== Action item ==
Look below for the line that has "Character VS. Self". Set down the lines from there through the line that has "Sultan Selim Tarihte", exactly as written.

== The input ==
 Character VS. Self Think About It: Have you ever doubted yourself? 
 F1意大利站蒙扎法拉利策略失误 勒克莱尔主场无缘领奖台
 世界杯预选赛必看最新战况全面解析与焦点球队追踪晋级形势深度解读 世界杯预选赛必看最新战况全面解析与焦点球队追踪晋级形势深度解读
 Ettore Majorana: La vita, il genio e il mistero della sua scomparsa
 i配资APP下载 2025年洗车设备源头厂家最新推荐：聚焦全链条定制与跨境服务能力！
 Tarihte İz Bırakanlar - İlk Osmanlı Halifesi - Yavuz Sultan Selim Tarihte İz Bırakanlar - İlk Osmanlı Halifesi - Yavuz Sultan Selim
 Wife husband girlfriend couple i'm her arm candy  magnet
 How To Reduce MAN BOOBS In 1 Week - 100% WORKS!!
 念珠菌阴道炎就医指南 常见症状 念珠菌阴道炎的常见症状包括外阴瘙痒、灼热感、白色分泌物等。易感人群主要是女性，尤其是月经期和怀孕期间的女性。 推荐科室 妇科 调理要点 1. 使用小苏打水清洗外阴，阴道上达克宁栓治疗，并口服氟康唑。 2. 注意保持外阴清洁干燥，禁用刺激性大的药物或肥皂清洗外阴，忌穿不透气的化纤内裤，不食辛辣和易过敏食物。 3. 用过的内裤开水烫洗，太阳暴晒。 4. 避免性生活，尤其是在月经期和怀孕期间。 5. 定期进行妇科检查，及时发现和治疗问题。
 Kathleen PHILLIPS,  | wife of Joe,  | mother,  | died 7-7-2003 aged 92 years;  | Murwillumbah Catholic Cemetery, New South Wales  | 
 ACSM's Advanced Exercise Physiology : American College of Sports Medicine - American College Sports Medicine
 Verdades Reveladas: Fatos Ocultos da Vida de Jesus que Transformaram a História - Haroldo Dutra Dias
--
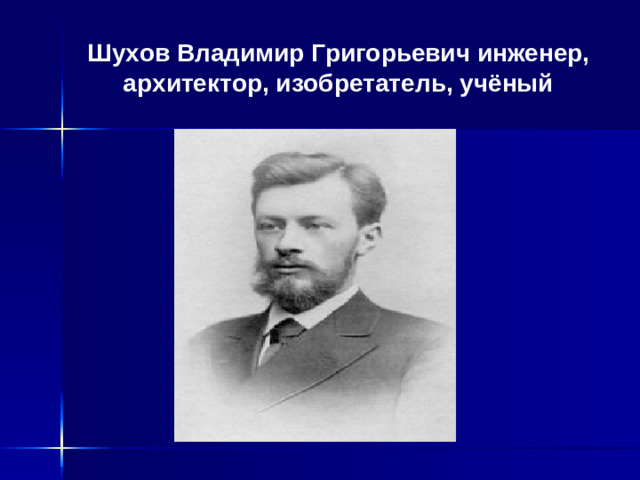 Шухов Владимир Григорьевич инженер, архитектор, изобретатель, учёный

== Solution ==
 Character VS. Self Think About It: Have you ever doubted yourself? 
 F1意大利站蒙扎法拉利策略失误 勒克莱尔主场无缘领奖台
 世界杯预选赛必看最新战况全面解析与焦点球队追踪晋级形势深度解读 世界杯预选赛必看最新战况全面解析与焦点球队追踪晋级形势深度解读
 Ettore Majorana: La vita, il genio e il mistero della sua scomparsa
 i配资APP下载 2025年洗车设备源头厂家最新推荐：聚焦全链条定制与跨境服务能力！
 Tarihte İz Bırakanlar - İlk Osmanlı Halifesi - Yavuz Sultan Selim Tarihte İz Bırakanlar - İlk Osmanlı Halifesi - Yavuz Sultan Selim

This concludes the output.